Intel SGI Altix 450 Switch User Manual


 
74 007-4857-002
3: System Overview
Non-uniform Memory Access (NUMA)
In DSM systems, memory is physically located at various distances from the processors. As a
result, memory access times (latencies) are different or “non-uniform.” For example, it takes less
time for a processor blade to reference its locally installed memory than to reference remote
memory.
Reliability, Availability, and Serviceability (RAS)
The Altix 450 server series components have the following features to increase the reliability,
availability, and serviceability (RAS) of the systems.
Power and cooling:
IRU power supplies are redundant and can be hot-swapped under most circumstances.
Note that this might not be possible in a “fully loaded” system. If all the blade positions
are filled, be sure to consult with a service technician before removing a power supply
while the system is running.
IRUs have overcurrent protection at the blade and power supply level.
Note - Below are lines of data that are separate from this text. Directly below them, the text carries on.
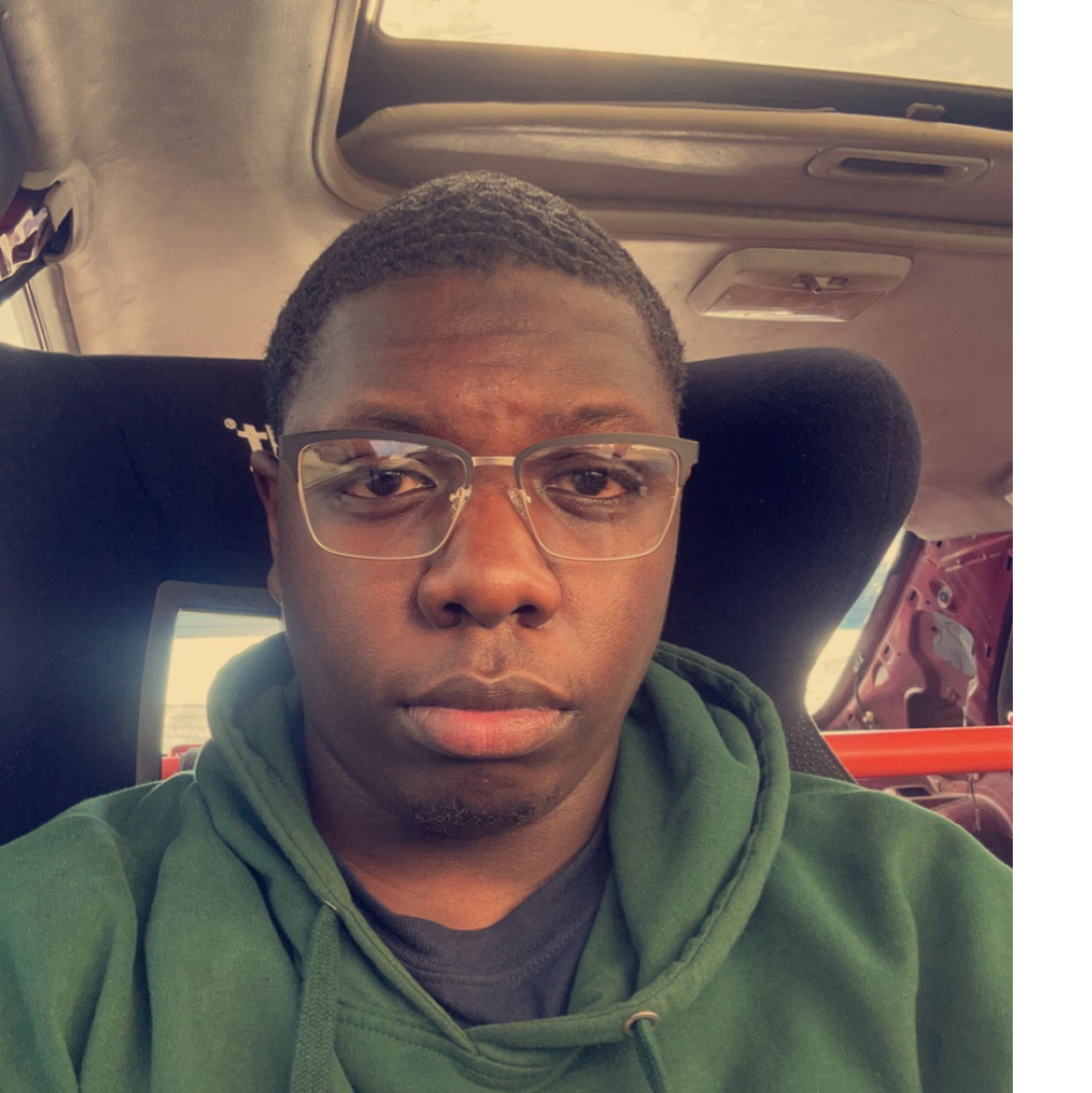 Profile of Nazier Merritt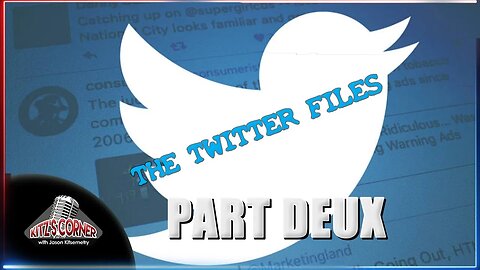 Tweet Blacklists ARE CONFIRMED REAL! - #TwitterFiles II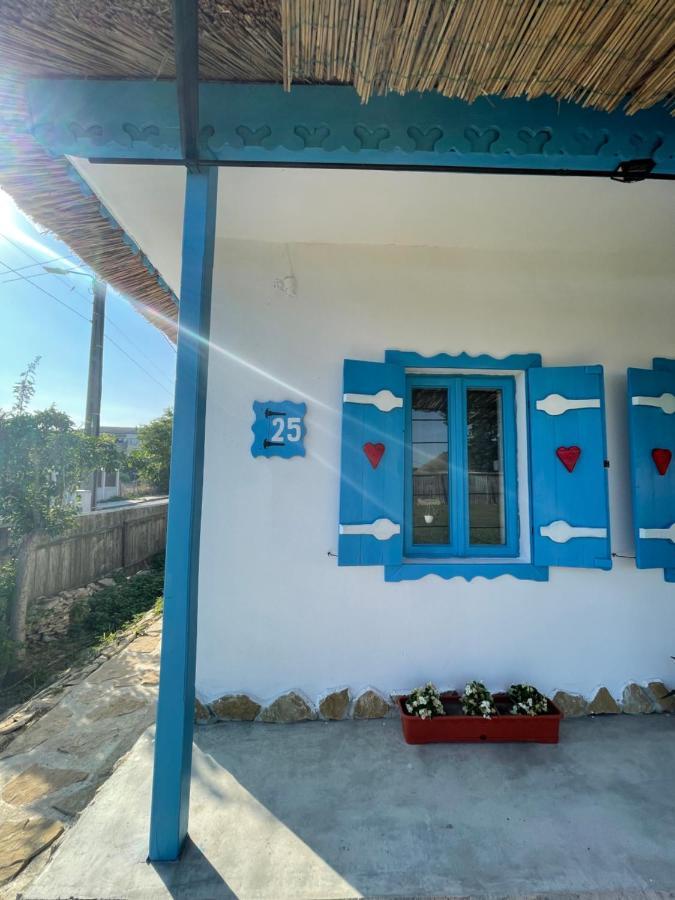 Casa Cu Stuf Murighiol Exterior photo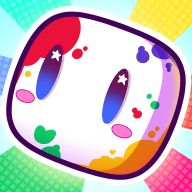 滚动迷你方块_logo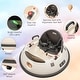preview thumbnail 16 of 19, 12V Kids Ride On Bumper Car with Remote Control 360 Degree Spin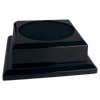 Royal Piano Finish Pedestal Base — Color and Size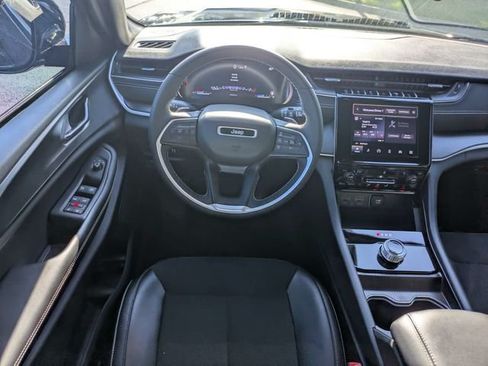 Used 2024 Jeep Grand Cherokee Altitude AWD/4WD image 17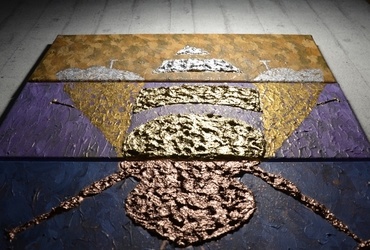 Nik Škorjanc: Narava v ognju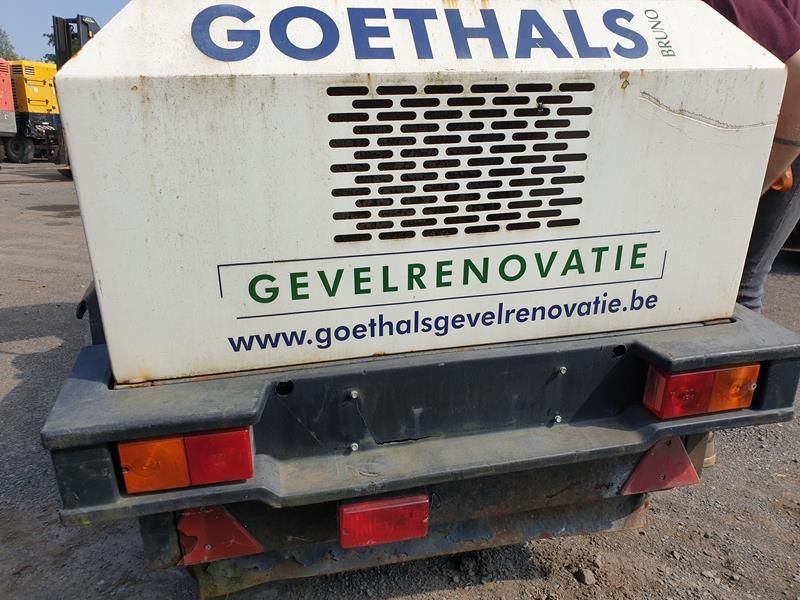 Ingersoll Rand P 130 WD - N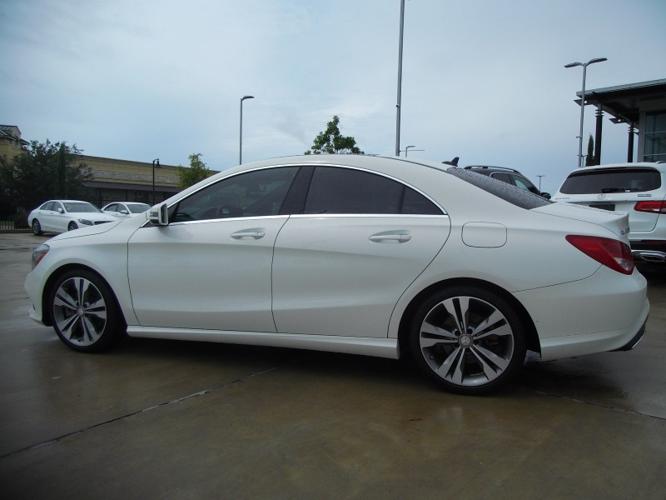 certified 2017 mercedes-benz cla 250 lafayette, la 70503 for sale in lafayette, louisiana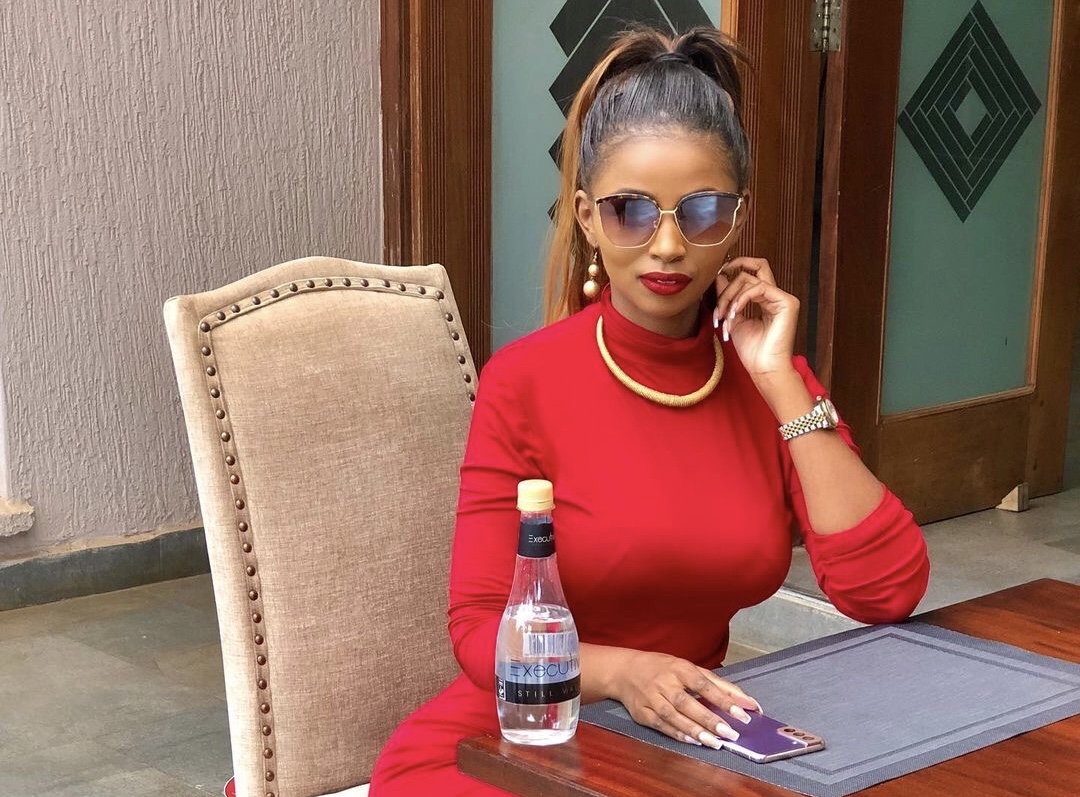 Anerlisa Muigai hits back after being warned against rebound relationships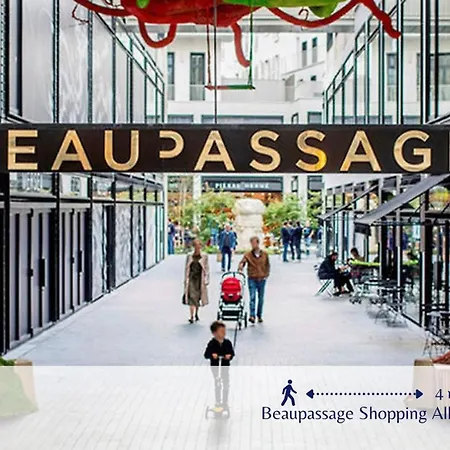 Neptune - Escape With Sauna - By Mon Petit Fare Apartamento *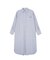 STRIPE BIG SHIRT DRESS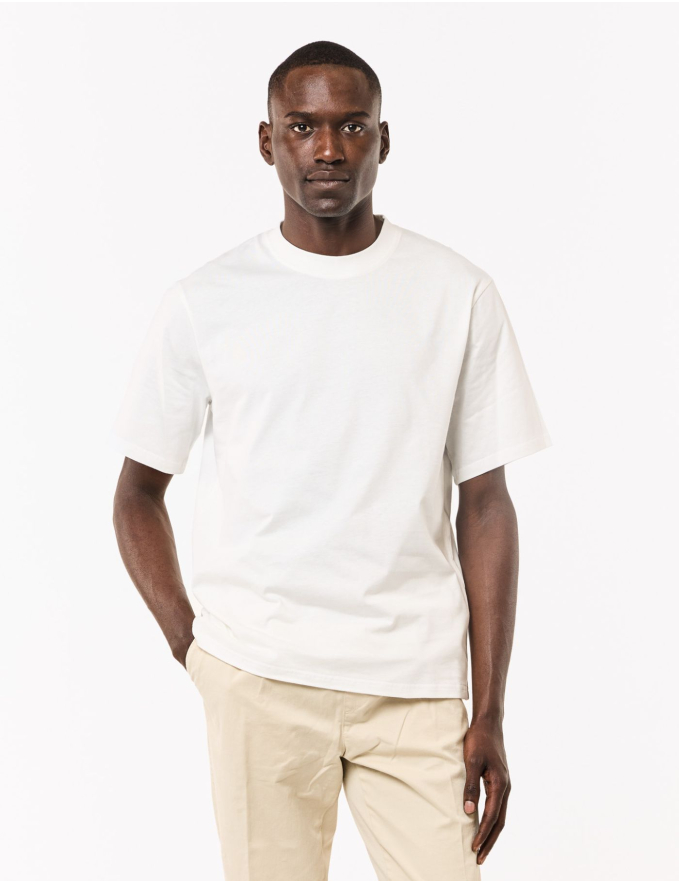 T-SHIRT OVERSIZE NATURAL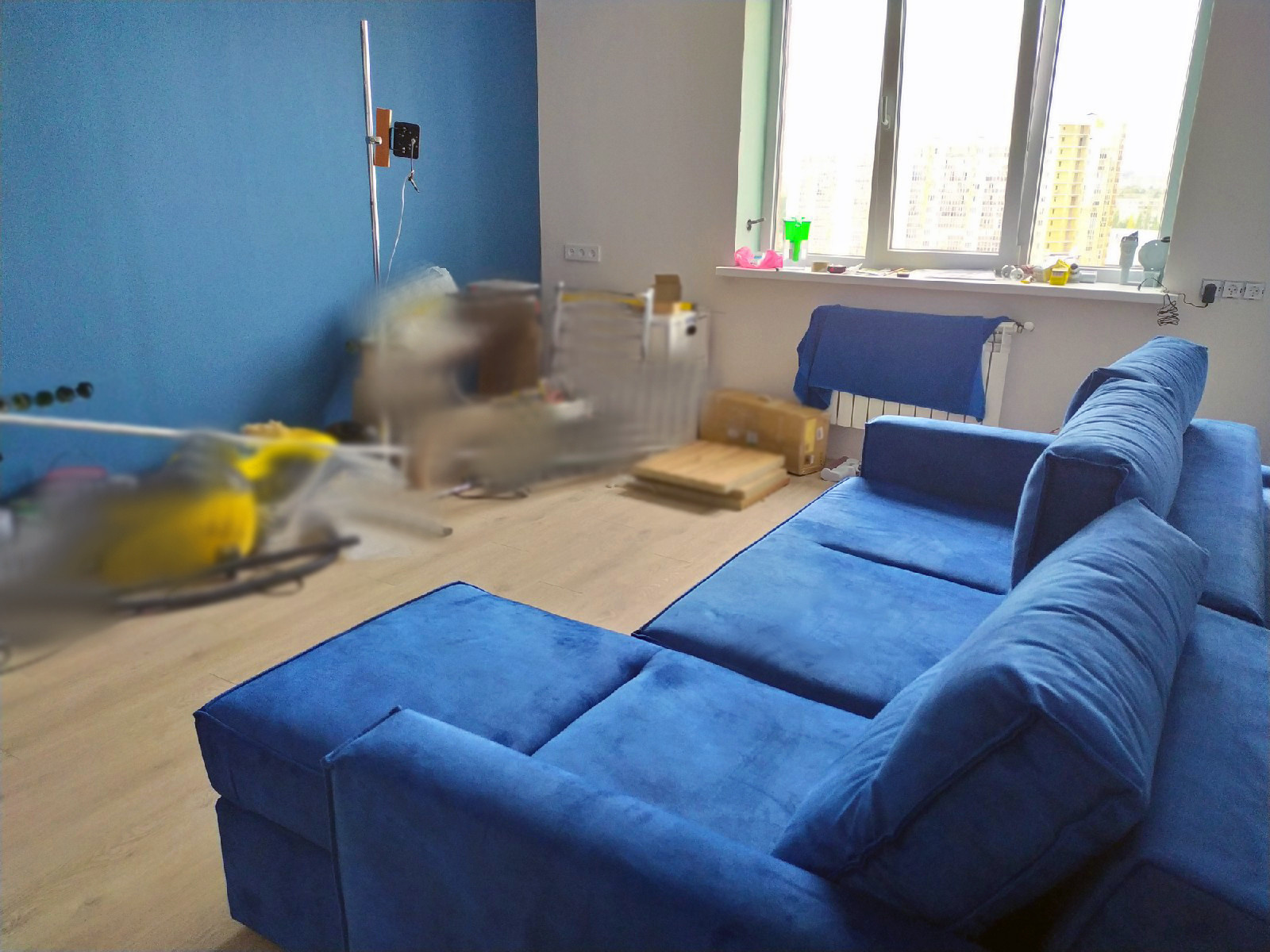 Квартира в Воронеже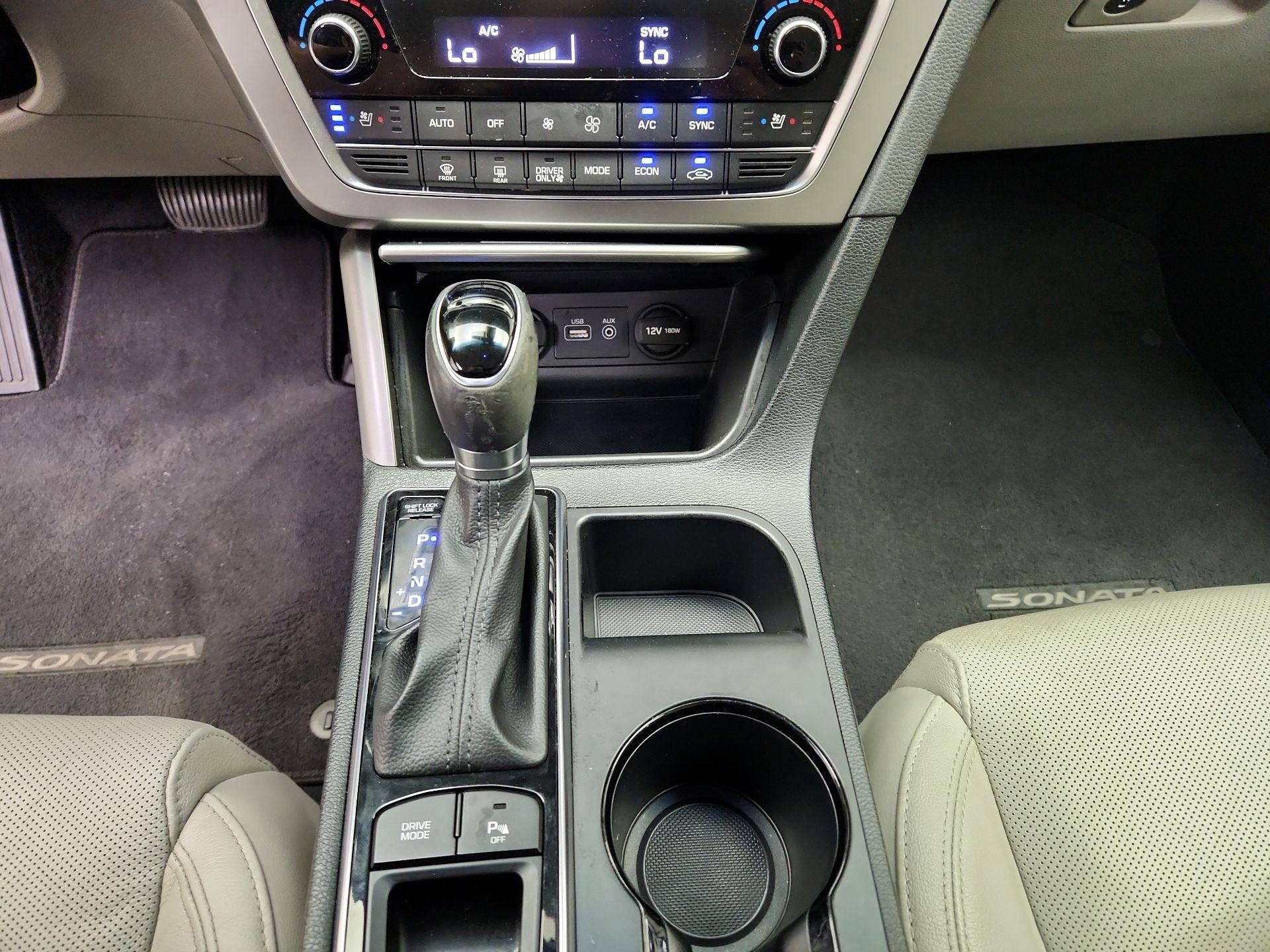 Thumbnail: 2017 Hyundai Sonata - 18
Fans are redundant and can be hot-swapped.
Fans run at multiple speeds in the IRUs. Speed increases automatically when
temperature increases or when a single fan fails.
System monitoring:
System controllers monitor the internal power and temperature of the IRUs, and can
automatically shut down an enclosure to prevent overheating.
Memory, L2 cache, L3 cache, and all external bus transfers are protected by single-bit
error correction and double-bit error detection (SECDED).
The NUMAlink interconnect network is protected by cyclic redundancy check (CRC).
The L1 primary cache is protected by parity.
Each IRU and each blade/node installed has failure LEDs that indicate the failed part;
LEDs are readable at the front of the IRU or via the system controllers.
Systems support the optional Embedded Support Partner (ESP), a tool that monitors the
system; when a condition occurs that may cause a failure, ESP notifies the appropriate
SGI personnel.
Systems support remote console and maintenance activities.